Weltweit wurde am 8. März der Internationale Frauentag begangen. In diesem Jahr stand er besonders unter dem Zeichen des Rechts auf sexuelle Selbstbestimmung. Dass auch auf dem ganz alltäglichen Feld der Arbeit noch vieles zu tun ist, um Gleichberechtigung zu verwirklichen, verdeutlichen die Interviews mit Führungsfrauen aus Gewerkschaften und Politik in der VSA: Flugschrift »Arbeiten & Feminismus« – eine prima Ergänzung zur Rose!

Um-Care

Für das Feld der Sorgearbeit, das immer noch überwiegend von Frauen beackert wird (und auch deswegen »Sorge-Kämpfe« nötig macht), haben wir einen Band zusätzlich ins Frühjahrsprogramm aufgenommen: In dem von Waltraud Waidelich und Margit Baumgarten herausgegebenen Buch »Um-Care zum Leben« diskutieren Gabriele Winker, Ulrike Knobloch, Cornelia Heintze, Christine Globig und Daniela Gottschlich/Christine Katz über »Ökonomische, theologische, ethische und ökologische Aspekte von Sorgearbeit«. Sie enthüllen die hinter »Care« stehende schlecht bezahlte und unsichtbare Arbeit und fragen: Können wir ohne eine neue sorgende Haltung die Care-Krise von Mensch und Natur überwinden? Liegt die Lösung in der guten Bezahlung von Sorgearbeit oder in einem Grundeinkommen?

Widerstand lohnt sich!

Am 20. November wurde im Festsaal der Bremischen Bürgerschaft das Buch Widerstand lohnt sich! Die Geschichte der Bremer Hütte oder: Warum wird heute noch in Bremen Stahl produziert? vorgestellt.
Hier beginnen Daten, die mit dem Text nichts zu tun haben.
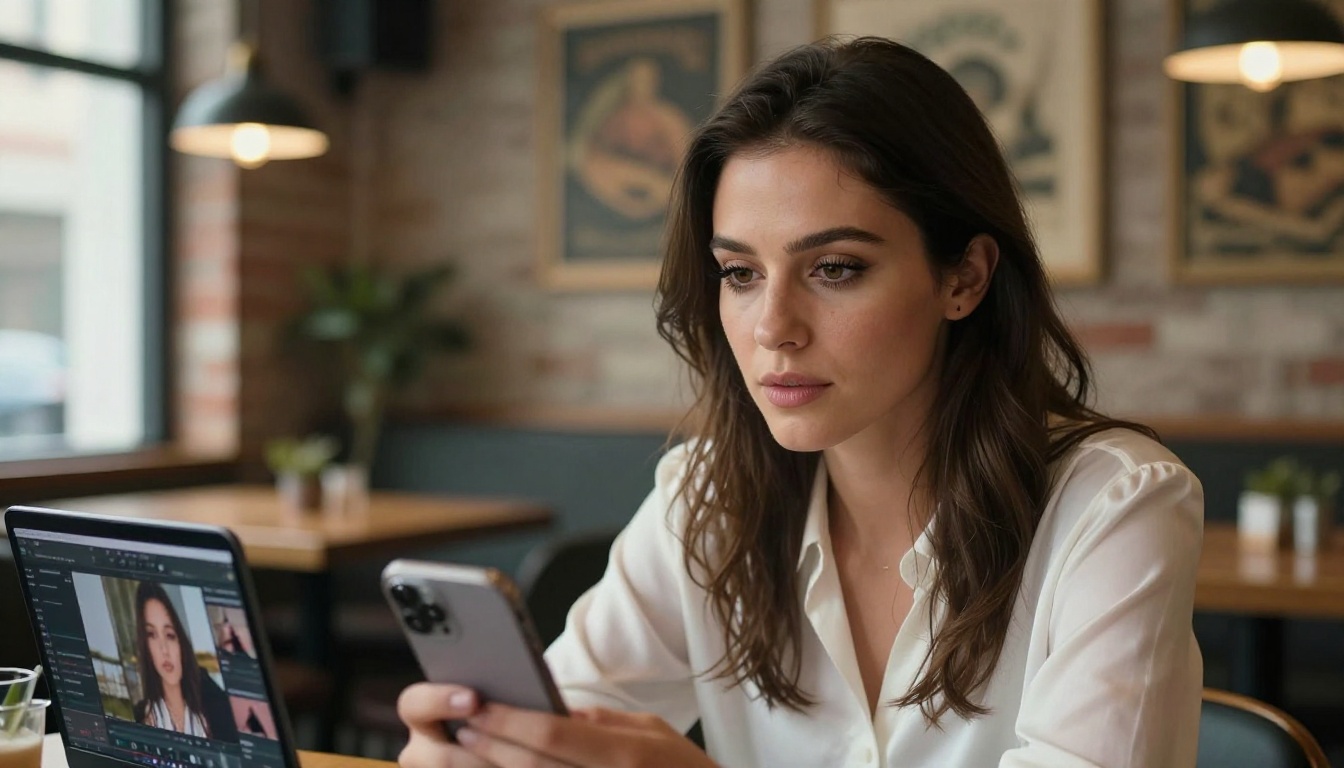 Woman reviewing AI image editing results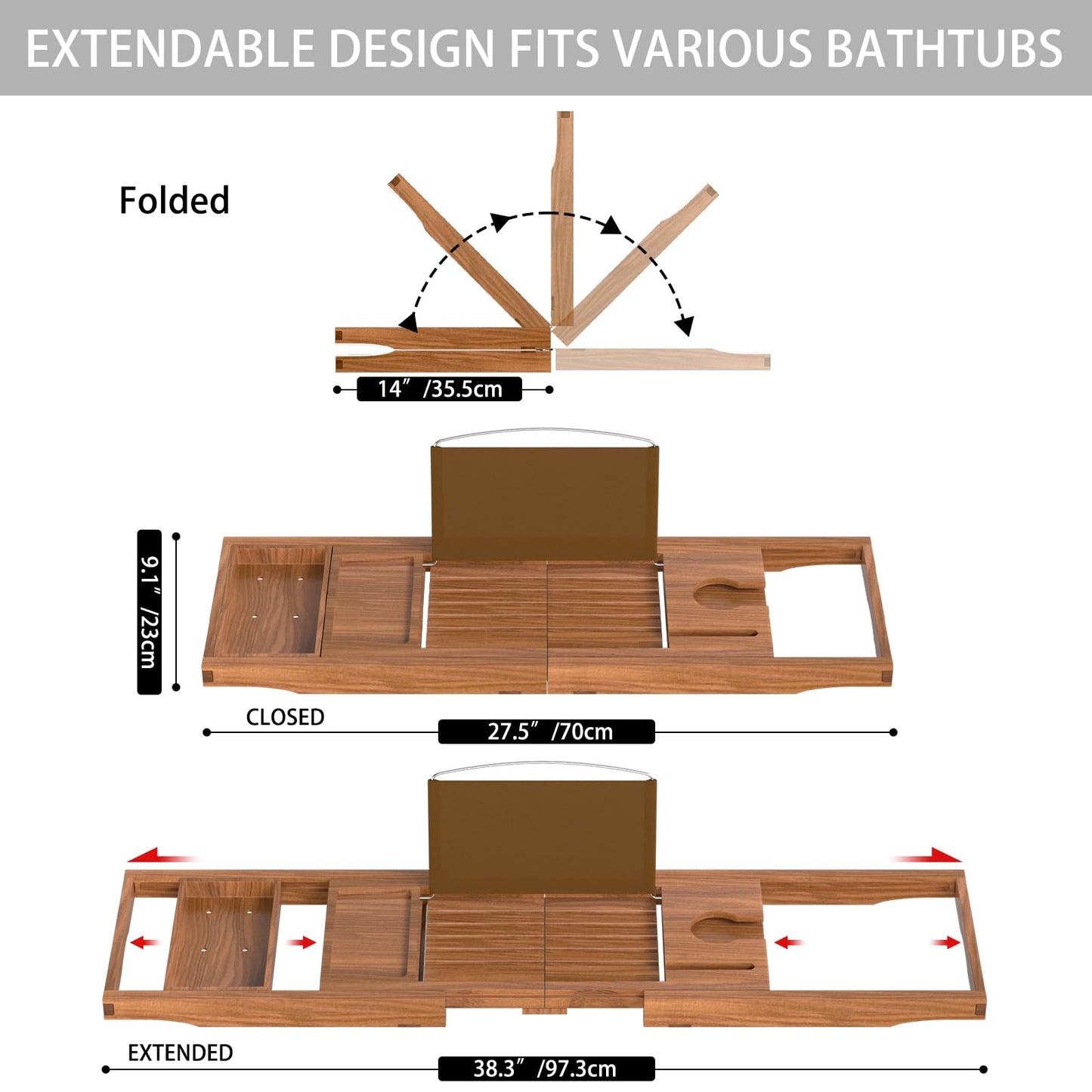 Premium Teak Bathtub Tray Caddy, Expandable Wooden Bath Tray for Tub,Luxury Bathroom Accessories,Great House Warming, Anniversary & Wedding and Birthday Gifts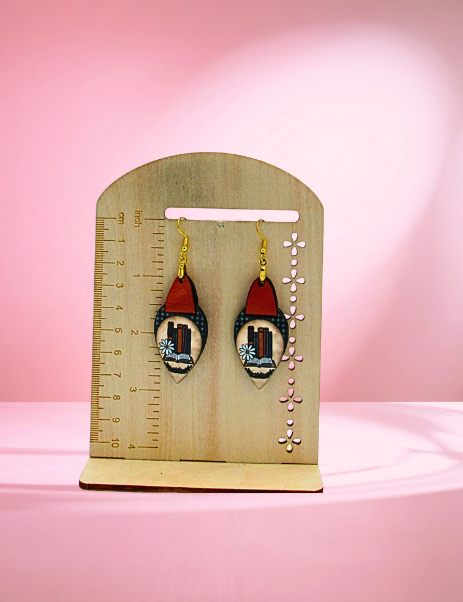 MDF and Faux Leather- Teardrop Shaped Sublimated Earrings 1.5 inch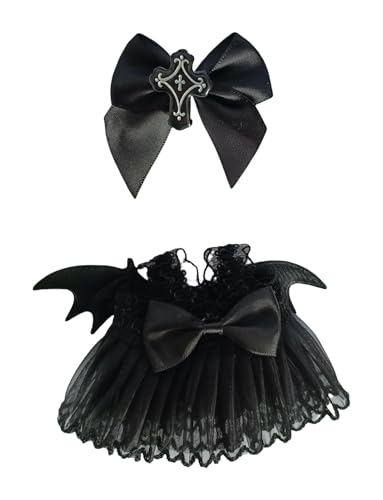 Puppen-Outfit-Kleidungsset für 17 cm große Puppen, Premium-Mode, Halloween, schwarzer Fledermauskleid, Overall für Puppen Zubehör (keine Puppe) (schwarzes Kleid) von LAIBUY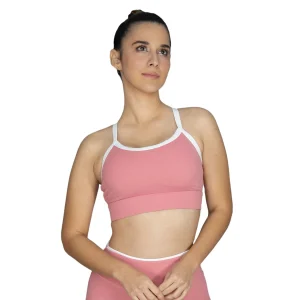 Top deportivo pop rosa Everlast con ribete blanco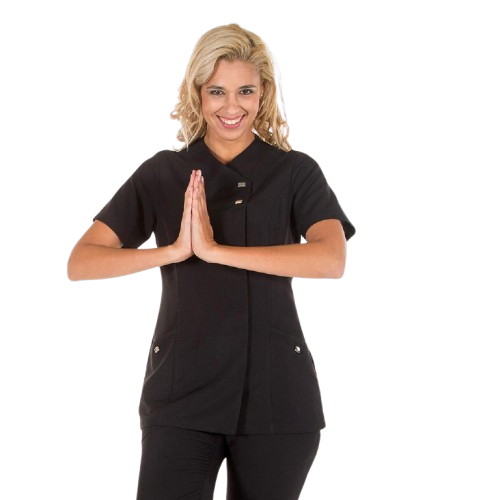 Semi-fitted short sleeve jacket for women, cross closure. Various sizes and colors.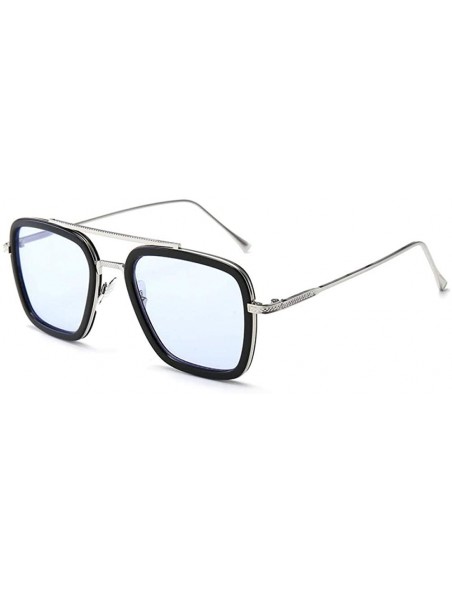 Square Sunglasses sunglasses Europe and the United States square men's flat mirror sunglasses sunglasses - C018X3Y4EIS $34.06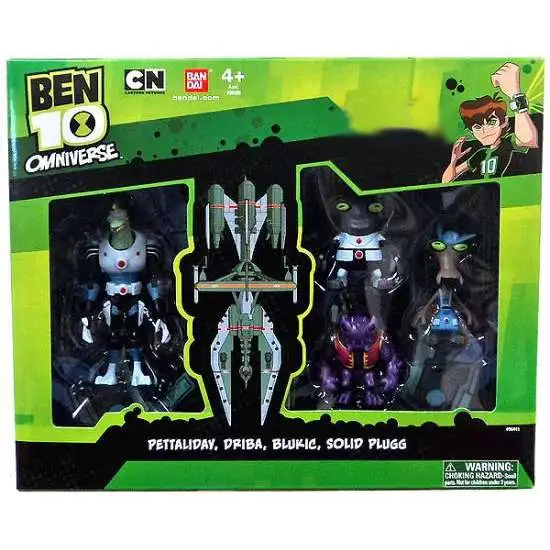 Ben 10 Omniverse Pettaliday, Driba, Blukic & Solid Plugg Exclusive Action Figure 4-Pack
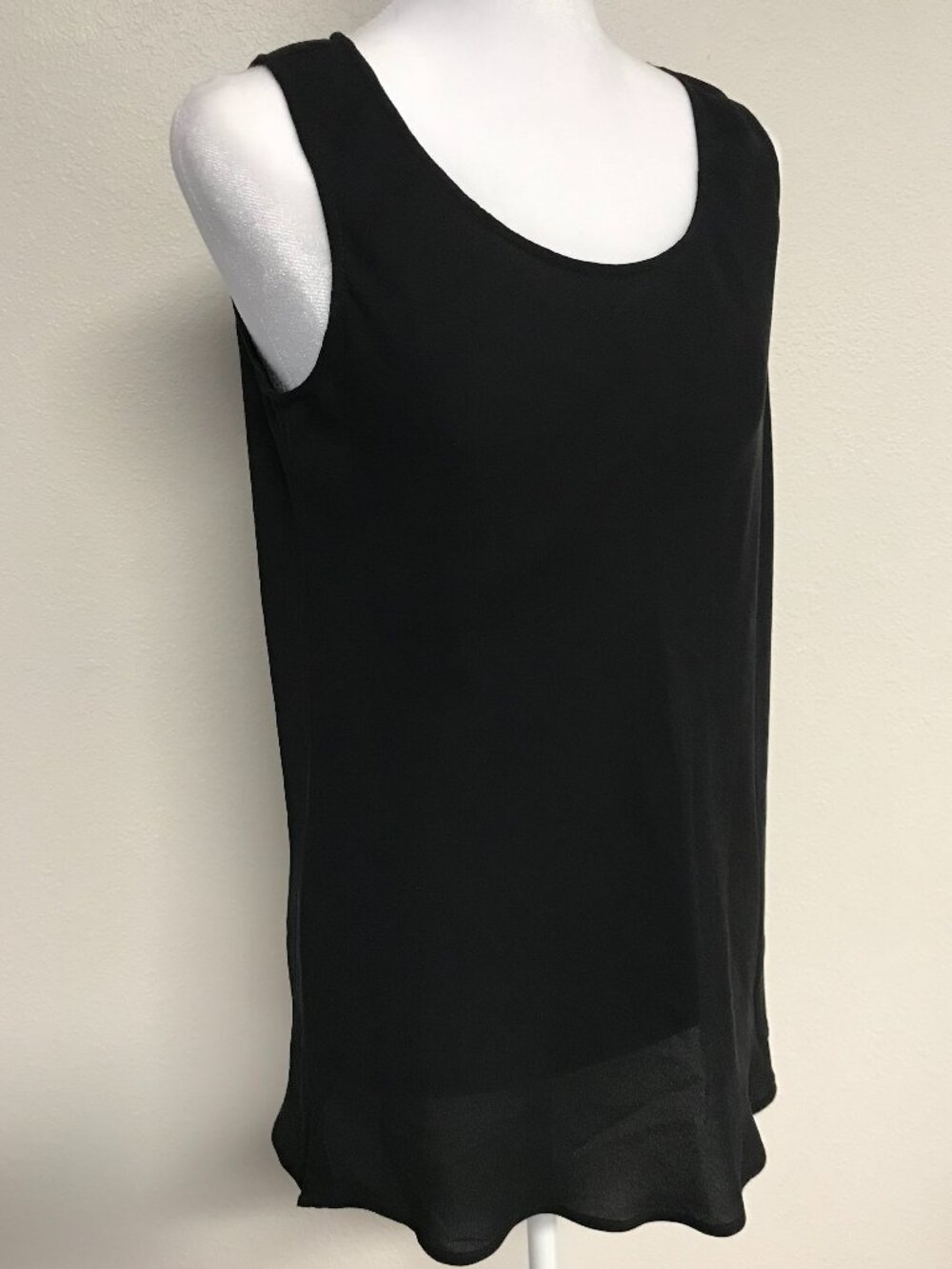 Atorié 100% Silk Sleeveless Blouse Top Black Semi Sheer Side Slit Size M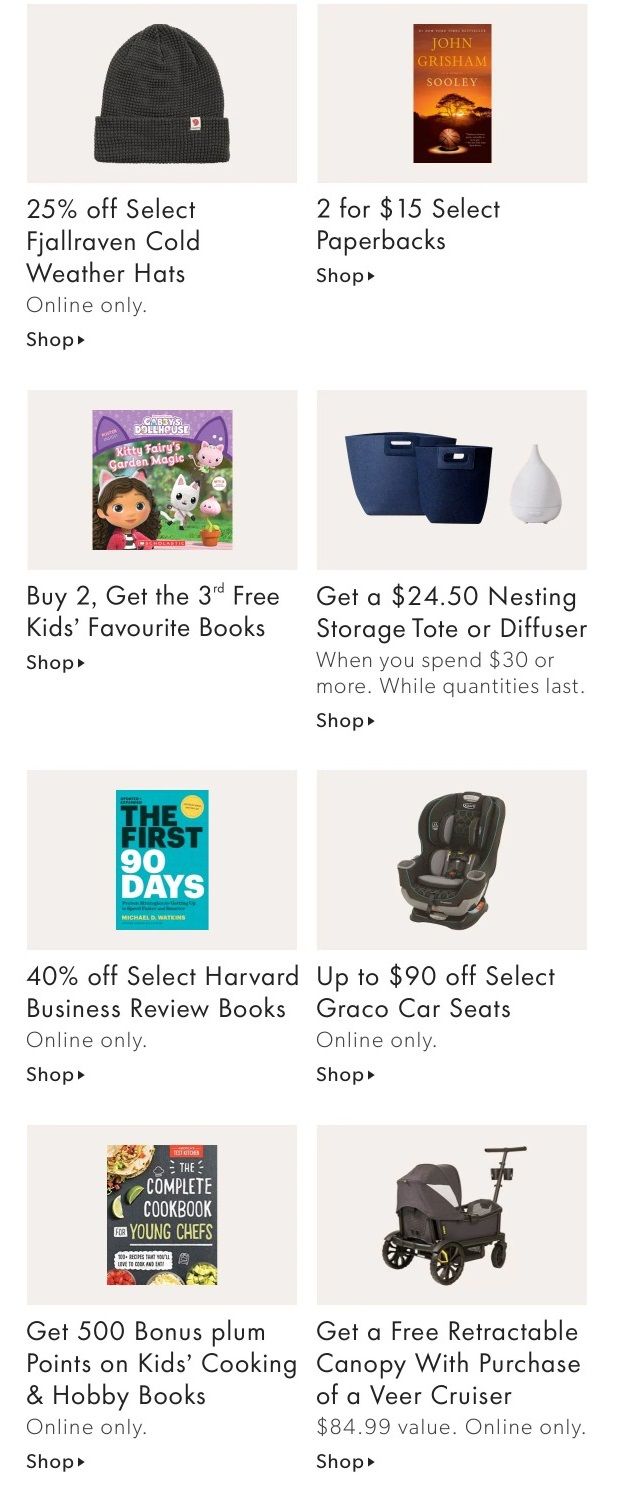 Chapters Indigo Online Deals of the Week March 7 to 13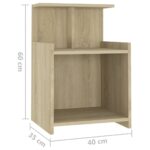 vidaXL Nočné stolíky 2 ks, dub sonoma 40x35x60 cm, kompozitné drevo – Obrázok 8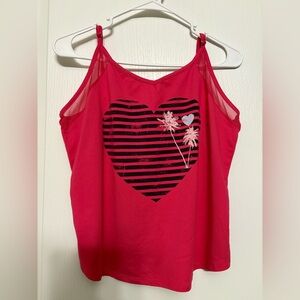 No boundaries Pink Heart Striped Tank Top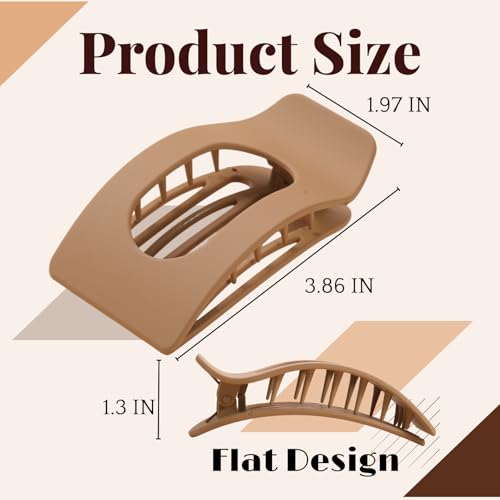 Flat Hair Clips for Women – 8-Pack Large Matte Claw Clips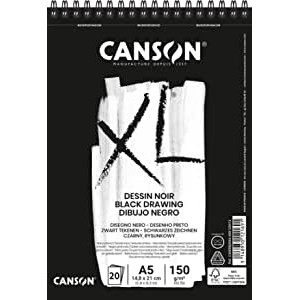 Bloco Espiralado XL A5 150g/m², Canson, Dessin Noir, 20 Folhas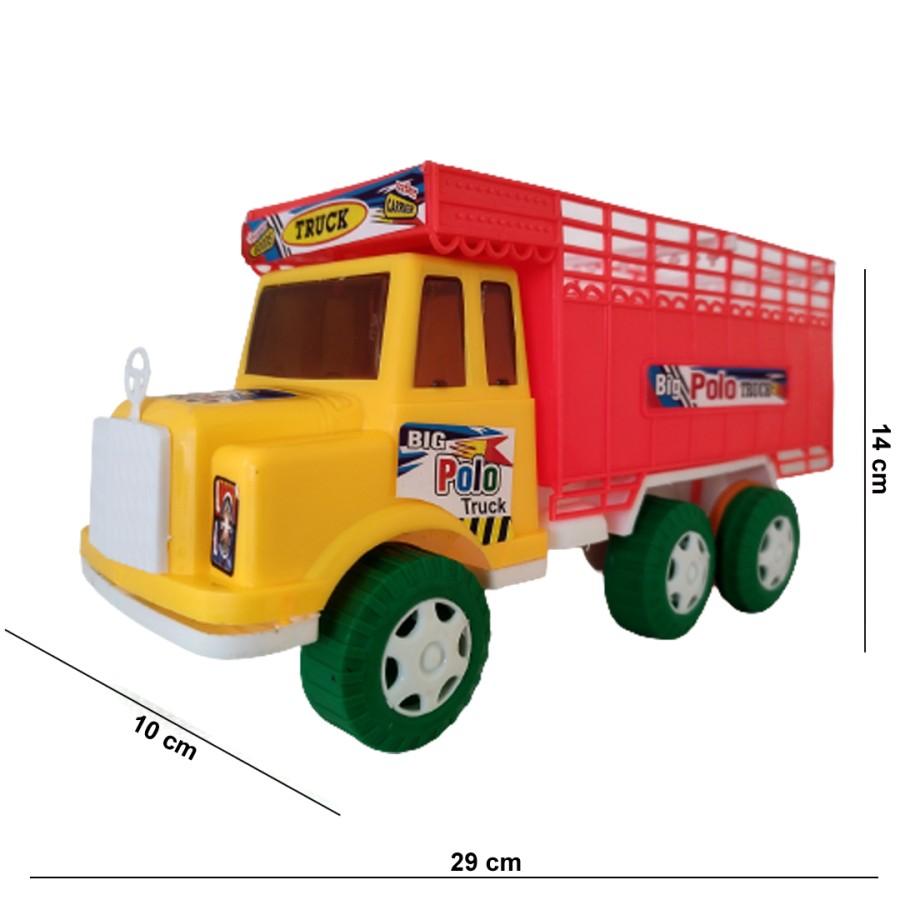 Public Lorry Truck & Utility Vehicle Plastic Model for Kids with Tail Lid That Opens, Small Window for Rear View in Driver Cabin Pull Back Action for kids age 3+ (Color may vary)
Darin schildert der Historiker Karl Lauschke – unter Mitwirkung der ehemaligen Betriebsräte Peter Sörgel und Eike Hemmer – die langjährigen Aktivitäten der Belegschaftsvertretung für die erst in den 1950er Jahren errichtete Hütte und ihre dramatische Rettung Anfang der 1990er Jahre. Nach einer Talkrunde mit denen dreien las Peter Lüchinger (Bremer Shakespeare Company) Textpassagen und anschließend diskutierten Volker Stahmann (Geschäftsführer IG Metall Bremen), Rainer Blaschek (ArcelorMittal Bremen) und Bremens Bürgermeister Carsten Sieling über die Zukunft der Stahlindustrie.

»Karl-Marx-Stadt Hamburg«

So übertitelte das »Hamburger Abendblatt« ein Interview mit unserem Autor Jürgen Bönig zu dessen neuem Buch. Manche fanden das etwas übertrieben. Nicht so die Besucherinnen und Besucher, die der Einladung der Linksfraktion in der Bürgerschaft in den überfüllten »Kaisersaal« des ehrwürdigen Hamburger Rathauses gefolgt und über viele neue Erkenntnisse erstaunt waren, die der Autor aus seinem Buch Karl Marx in Hamburg präsentierte. Und auch nicht das Nachrichtenmagazin »DER SPIEGEL«, in dem sich Barbara Supp unter der Überschrift »Dieses Saubuch« mit Jürgen Bönig als Reisebegleiter auf die Spuren von Karl Marx und seines »wirkmächtigen« Hauptwerks in Hamburg begab.